[Given data]
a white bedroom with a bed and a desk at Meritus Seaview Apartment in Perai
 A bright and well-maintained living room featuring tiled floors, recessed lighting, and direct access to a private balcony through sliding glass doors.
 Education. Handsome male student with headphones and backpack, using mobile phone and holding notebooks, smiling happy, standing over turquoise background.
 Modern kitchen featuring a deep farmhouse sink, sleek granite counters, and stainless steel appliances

[How to complete this task] For each line above that includes "featuring", copy the line.

[Final answer]
 A bright and well-maintained living room featuring tiled floors, recessed lighting, and direct access to a private balcony through sliding glass doors.
 Modern kitchen featuring a deep farmhouse sink, sleek granite counters, and stainless steel appliances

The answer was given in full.